翌日、母親は2クール目の抗がん剤治療に入り、10日後に退院すると、延び延びになっていた娘のお宮参りを決行。うれしそうな母親と、笑顔の家族を眺めながら、春日さんは心から、「この日が迎えられて良かった」と思った。

6月。父親の介護認定調査の結果が出た。要介護1だった。

7月。春日さんの保活はピークを迎えていた。娘を抱っこ紐に入れ、1日に2園回るなど、汗だくで保育園見学に奔走していた。

一方、抗がん剤治療の5クール目に入るために入院した母親は、肝臓に転移した腫瘍が大きくなり、胆管を塞いだせいで黄疸が出、肝臓の数値が悪いため、抗がん剤治療はストップし、内視鏡手術を受けることになった。

その連絡を受けて春日さんは、再び包括支援センターへ向かう。要介護1と認定された父親はどのようなサービスが受けられるのかを聞いておくためだった。

すると、以前対応してくれた介護支援専門員が、「看護小規模多機能型居宅介護(看多機)」を勧めた。「看多機」とは、通所(デイサービス)・宿泊(ショートステイ)・訪問看護と介護を、すべて同じスタッフが行ってくれる施設だ。

「通所」により、日中父親が家を空けることで、春日さんが育児や家事に集中できる。
「宿泊」により、母親に何かあったときに、夜間の父親を預かってもらうことができる。
「訪問介護」は、急に父親の認知症の症状が進んだときに、家で介護もしてもらえる。

というメリットがあると説明された。

「父が実際に行ってくれるかどうかは置いておいて、とてもいいと思いました。

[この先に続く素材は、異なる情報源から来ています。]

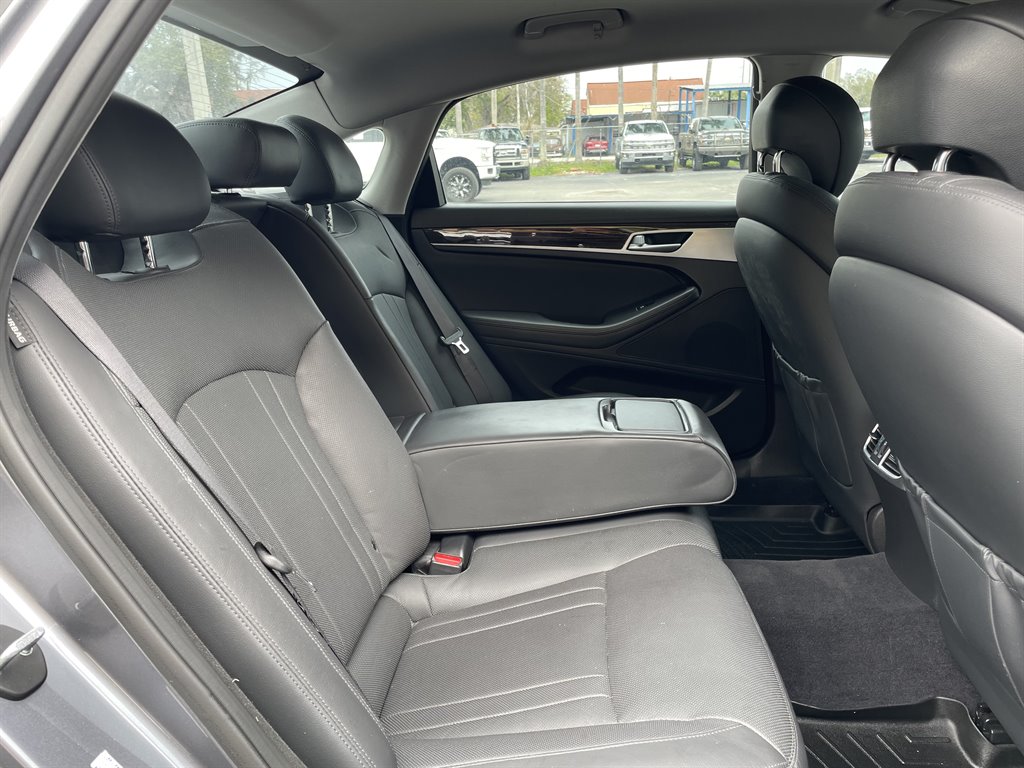 2015 Hyundai Genesis - $11,999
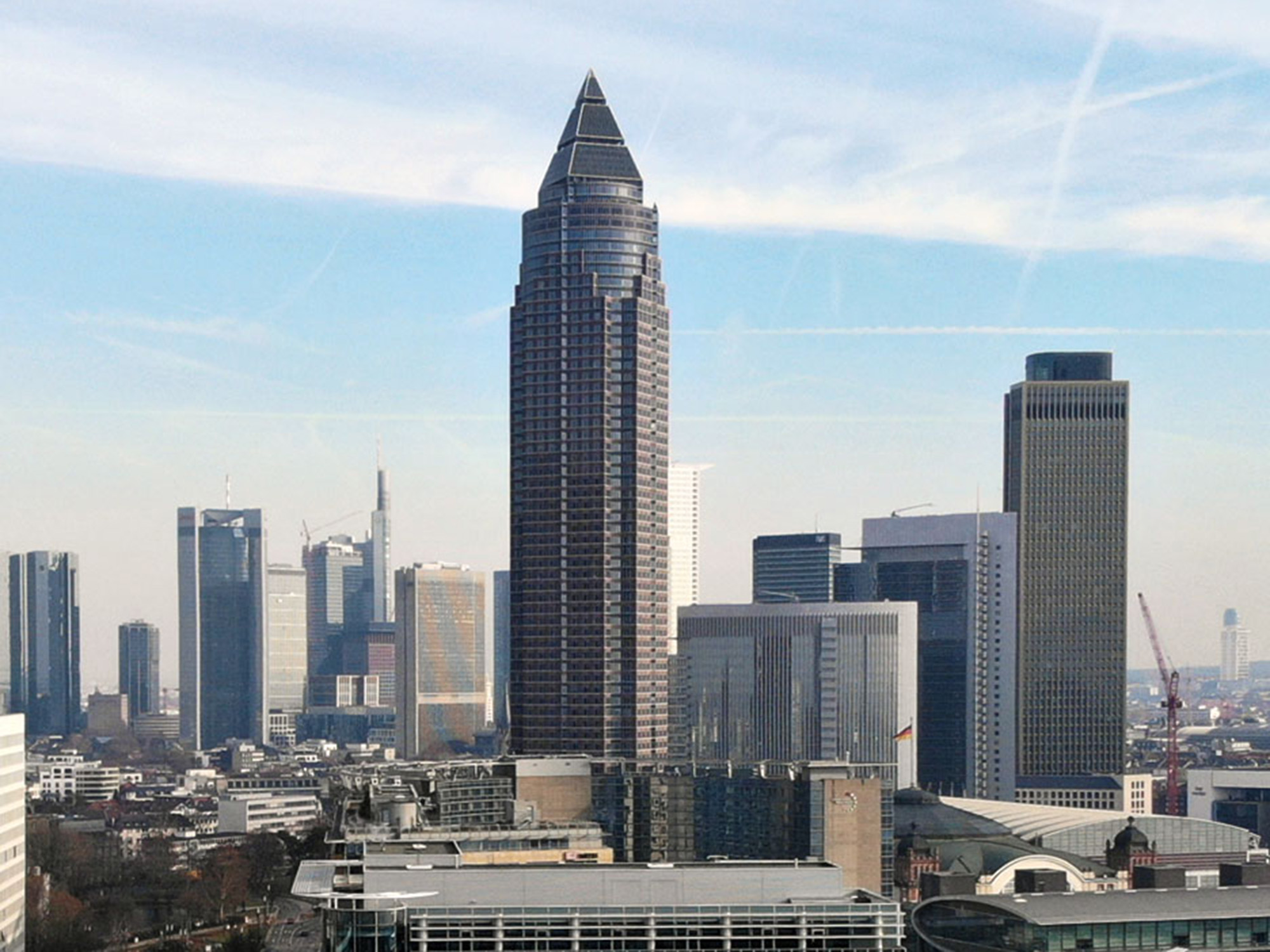 Die AMLA hat ihre Arbeit im Messeturm aufgenommen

『ここのサービスを受けている間は、他のサービスを利用することができない』『利用ごと払いではなく、月額払い』というデメリットはありますが、当時の私には、保活とは違い、デイサービスを調べて選ぶ労力も時間もありません。ほぼ私の心は決まりました」

母親の手術は成功し、8月に退院することができた。